§ Dataset excerpts
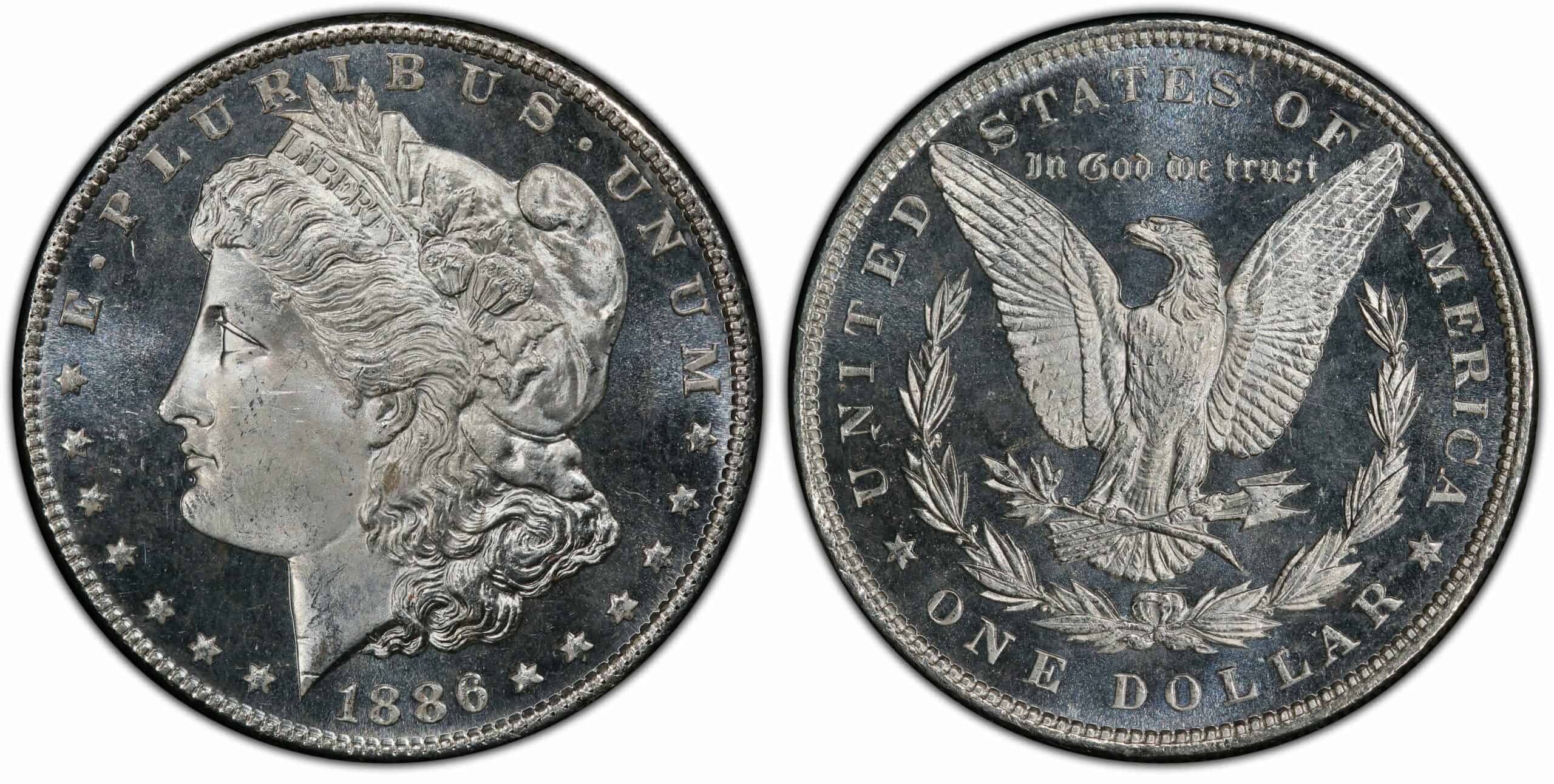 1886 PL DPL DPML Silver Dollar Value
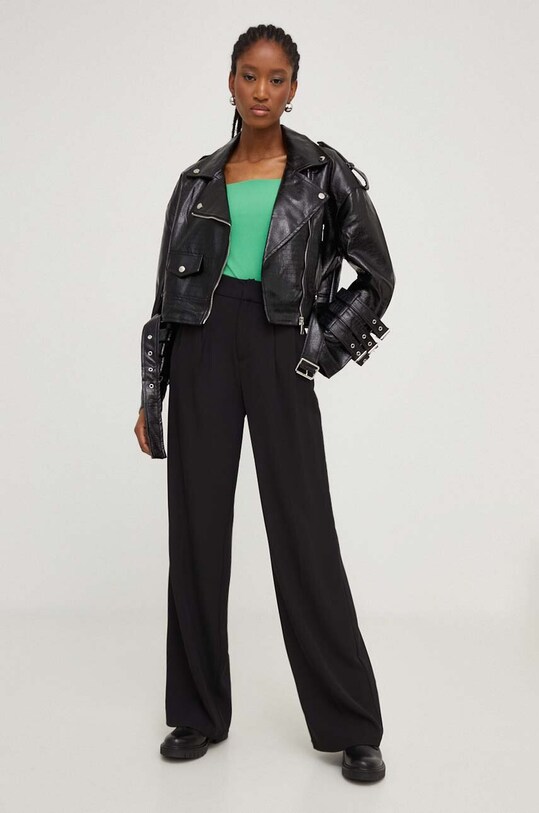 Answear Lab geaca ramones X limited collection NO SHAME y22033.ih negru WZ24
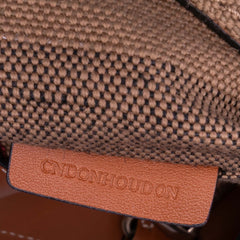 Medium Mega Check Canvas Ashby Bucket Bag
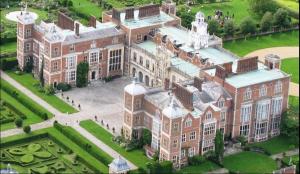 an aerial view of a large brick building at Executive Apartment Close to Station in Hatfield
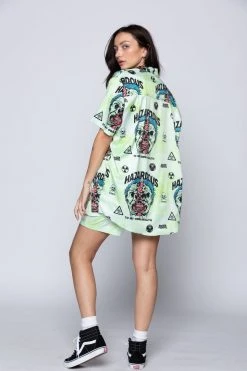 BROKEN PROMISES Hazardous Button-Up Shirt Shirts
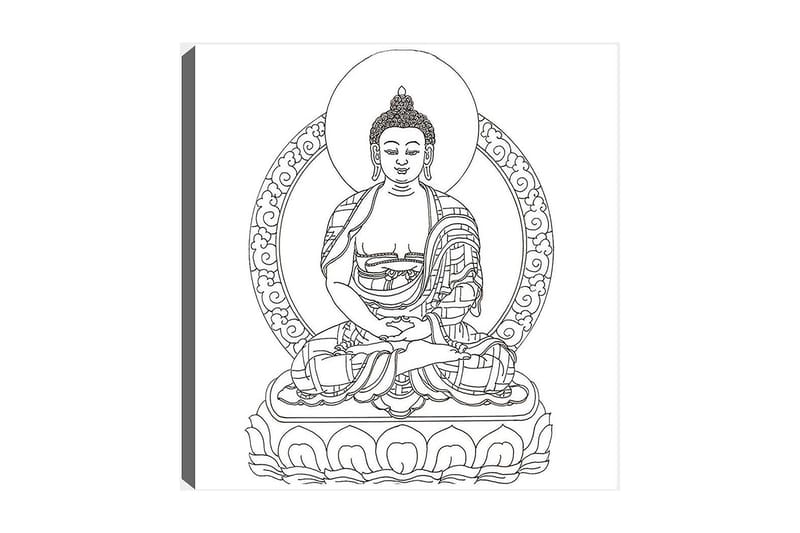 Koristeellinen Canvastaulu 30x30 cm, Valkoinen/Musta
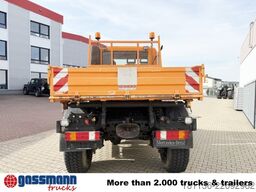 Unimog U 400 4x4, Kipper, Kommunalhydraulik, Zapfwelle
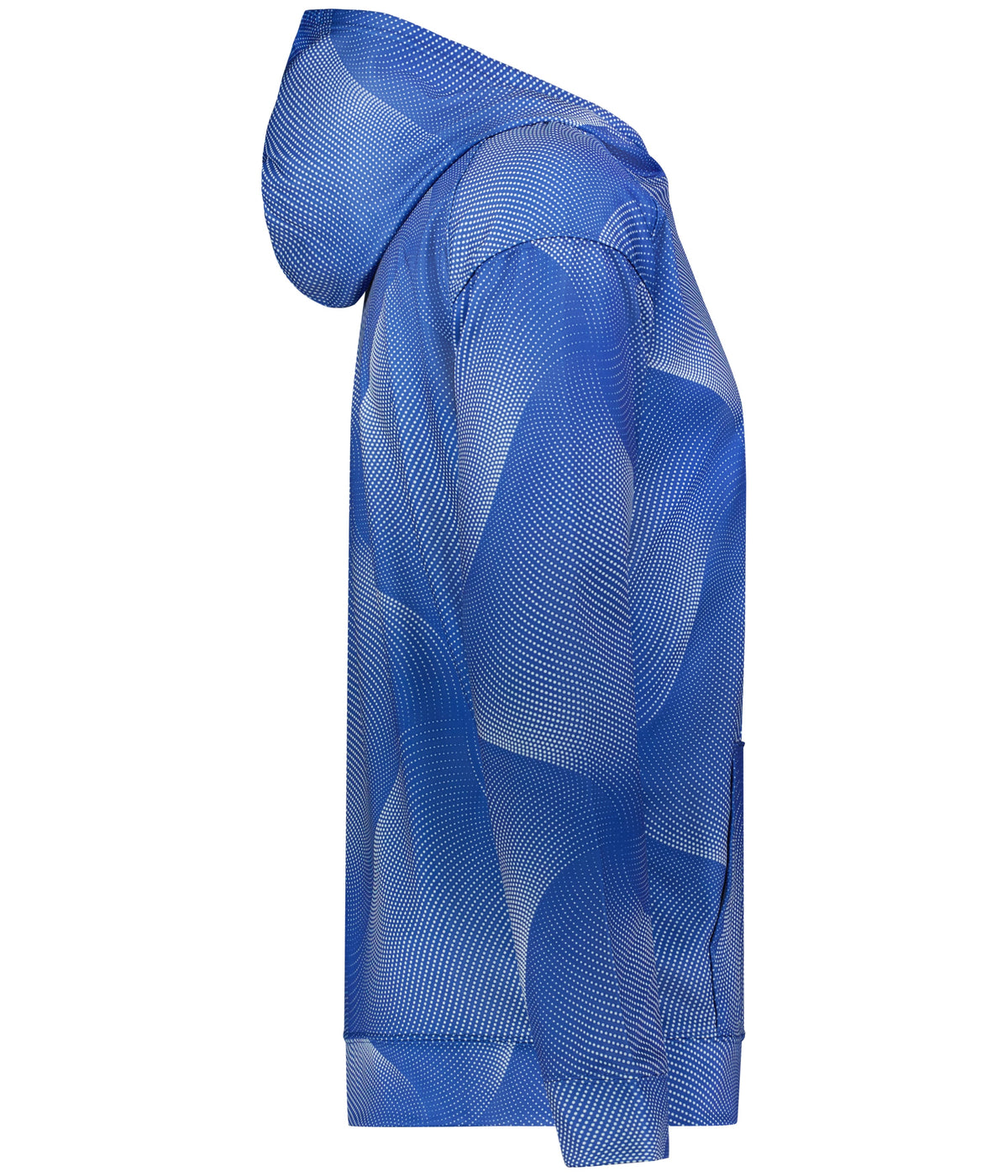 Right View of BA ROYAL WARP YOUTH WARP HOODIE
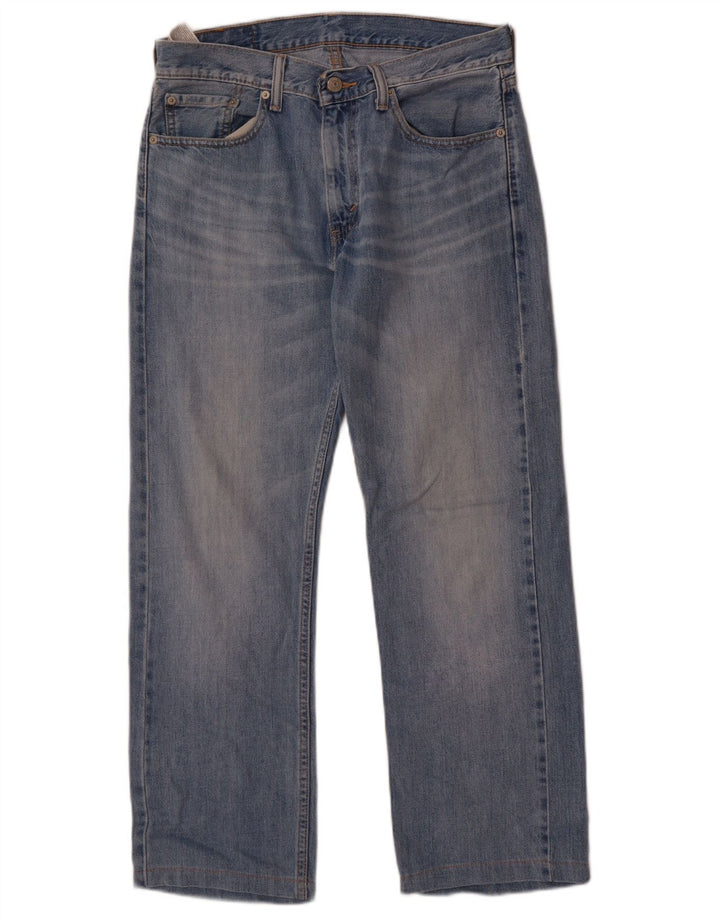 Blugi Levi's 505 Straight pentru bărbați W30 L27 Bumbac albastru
==
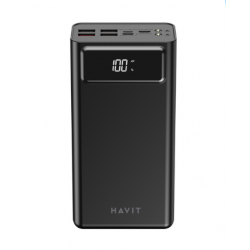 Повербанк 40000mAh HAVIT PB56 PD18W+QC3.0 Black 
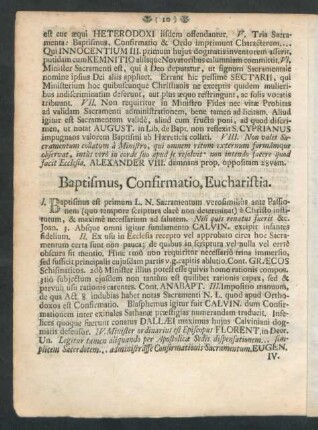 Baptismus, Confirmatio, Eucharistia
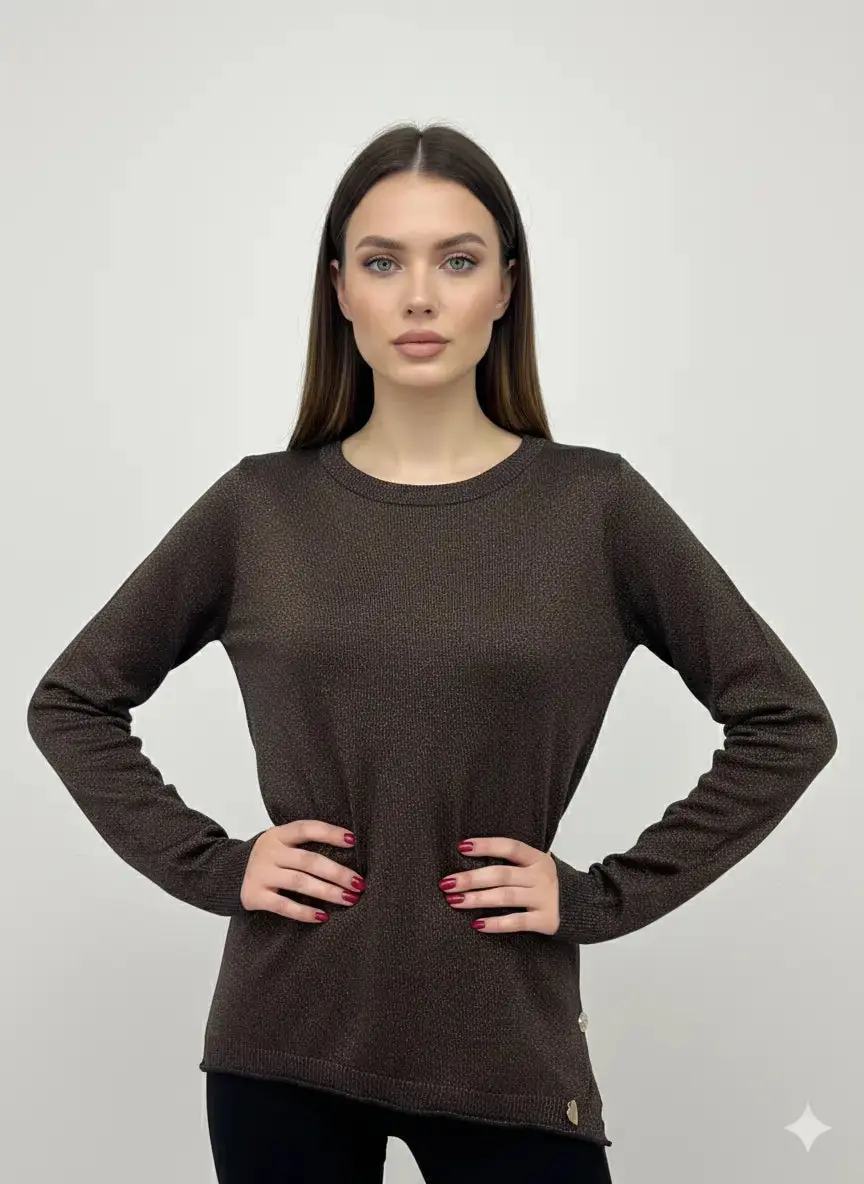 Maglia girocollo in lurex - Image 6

§ Task goal
Pictures in the entries do not go into the copy. Print only the lines starting at the one containing "BROKEN PROMISES Hazardous" and ending at the one containing "Blugi Levi's 505", exactly as they appear.

§ Solution to the exercise
 BROKEN PROMISES Hazardous Button-Up Shirt Shirts
 Koristeellinen Canvastaulu 30x30 cm, Valkoinen/Musta
 Unimog U 400 4x4, Kipper, Kommunalhydraulik, Zapfwelle
 Right View of BA ROYAL WARP YOUTH WARP HOODIE
 Blugi Levi's 505 Straight pentru bărbați W30 L27 Bumbac albastru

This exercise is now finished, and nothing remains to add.